『おいしいから売れるのではない 売れているのがおいしい料理だ』
正垣泰彦
読後の感想
賛否両論あると予想されるタイトル。
でも一気に読んだ。そして、読後にサイゼリヤに行きました(一人で
最初に肝に銘じておかなければ勘違いしてしまうことがあるが、著者は料理人では(一応)あるが、その前に経営者であるということ。もちろん目の前のお客さん一人ひとりは見ているんだろうけど、それはあくまでも全体のうちの一部として見ているのだろうということでした。
そして、より多くの人に「美味しかった」と言われるのは、実は料理人よりも経営者なんだな、と知っている人。

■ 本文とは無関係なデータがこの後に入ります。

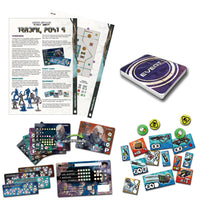 Core Space First Born - Trading Post 5 ( en VF)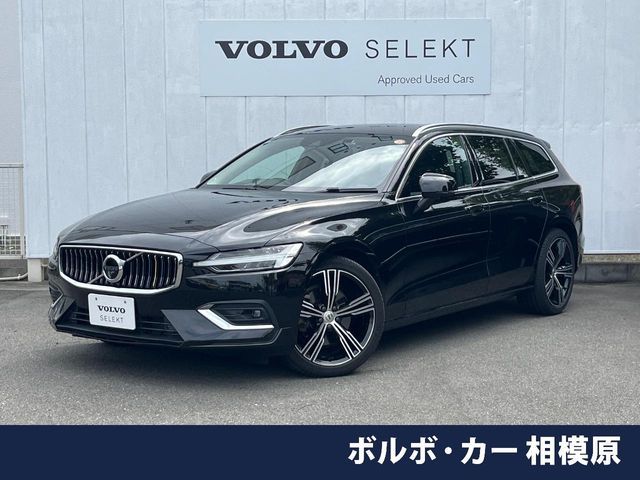 VOLVO / VOLVO V60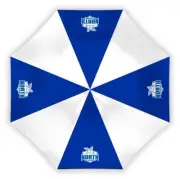 North Melbourne Kangaroos AFL Compact Umbrella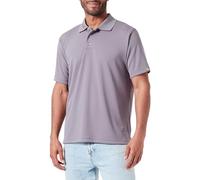 Dickies, Herren, Everyday-Poloshirt, Grey, XXL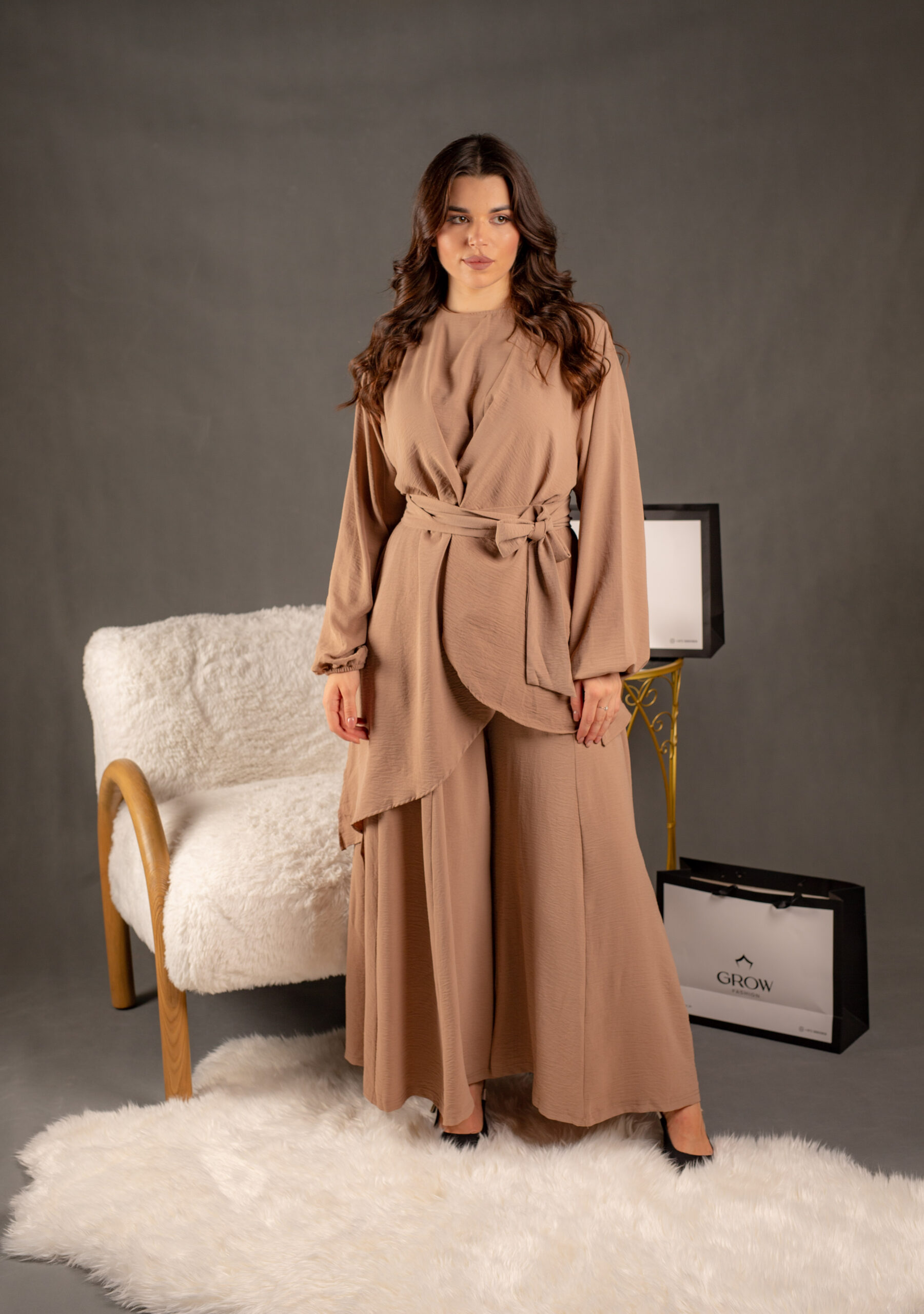 AY8U3751 NS Suit - Image 4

経営方針は至って明確で、後発の利益を最大に活かすところ(例外は後述)。おそらくマクドナルドを相当研究していると見られる記述が至るところに見受けられます。そういやレイ・クロックも同じタイプなのかなぁとひっかかりました。
少し本の内容からは離れるけど、僕がすごいなと思うのは、サイゼリヤ中国に合弁ではなく独立資本(100%出資)で成功しているという凄さ。他の会社の事例を見ているとこの凄さが際立つ。残念ながら本書ではそこまでは触れられていなかったけど、次作があれば是非読みたい。
ちなみにサイゼリ「ア」ではなくて、サイゼリ「ヤ」。
印象的なくだり
ほとんどの人は売り上げが増えれば、利益も増えると思っているが、それは違う。
利益は「売り上げ」-「経費」。
売り上げが増えなくても、無駄を無くして、経費を削れば利益は増える。
経営者は日頃から、売り上げが減っても利益が増える店を目指すべきで、売り上げが減って利益が出ないから困るというのは、今まで無駄なことをたくさんしていたというのに等しい(P019)。
き、厳しい言葉。
チェーン店を視察する場合、その店数は自社の10倍より100倍、100倍より1000倍と多ければ多いほど望ましい。
なぜなら数多くの店を持つチェーン店では、長い年月をかけて改善と標準化を進め、その店のお客様にとって「これが大事」というものだけが残っているはずだからだ。
チェーン店から学べる部分は個人経営の店でも多いはずだ(P040)。
この文章を読んでから、チェーン店に行くと必ずバックヤードの人の動きを見ています。
おそらく普通の人は、自分のお店の規模と全然違うから参考にならないと思っているかもしれませんが、
そんなことはありません。
逆にチェーン系(とか大きな企業)で働いた後に個人商店(や中小企業)に来ると
本当に非効率さに驚きます。
実はチェーン系のやっている作業は極限まで効率化された動きなので
意識しないと全く気づくことができないのではないかと考えています。
「安売り」と「お値打ち」は違う
お値打ちな料理とは価格が安いのではなく、その品質が「この値段なら、この程度の価値が必要だ」という水準を上回っている状態のことだ。
だから、値下げをしても価値を伴わない料理は売れないはずで、自分の首を締めるだけだ(P049)。
私に言わせれば、仕事とは「作業」の集まり。その作業の中で、時間のかかるものを短くできないか、無くせないかと考えることが、一番の効率化だ(P086)。
私の場合、食肉、鮮魚、野菜など曜日別にローテーションを組んで、常に朝一番に仕入れた業者の倉庫に出向き、食材を仕入れていた。
朝一番なら状態の良い食材の中から自分で自由に選べる。
ちなみに常に一番だったのは、夜遅くまで店で働いた後に、クルマで仕入れ業者の倉庫の前まで行って、そこで寝ていたからだ(笑)(P097)。
経営者のガッツ自慢話、などと侮ってはいけない…気がするけどね…(どうかな
経営者として、会社を大きくしたのなら、料理以上に教育への関心が持てなければならない。
今、売れるメニューを作れても、それは必ずマネをされる。
自分は料理を上手く作れても、それを「技術」として、人に伝えられないなら、店数を増やしても上手くはいかない。
そう考えれば、何十年と競争を続けるには、人材をどう育て、組織を作るかのほうが大切だ、と分かるだろう(P173)。
自分が最近、「教育」について関心を持って読んでいるからこの言葉が引っかかるのだろうか。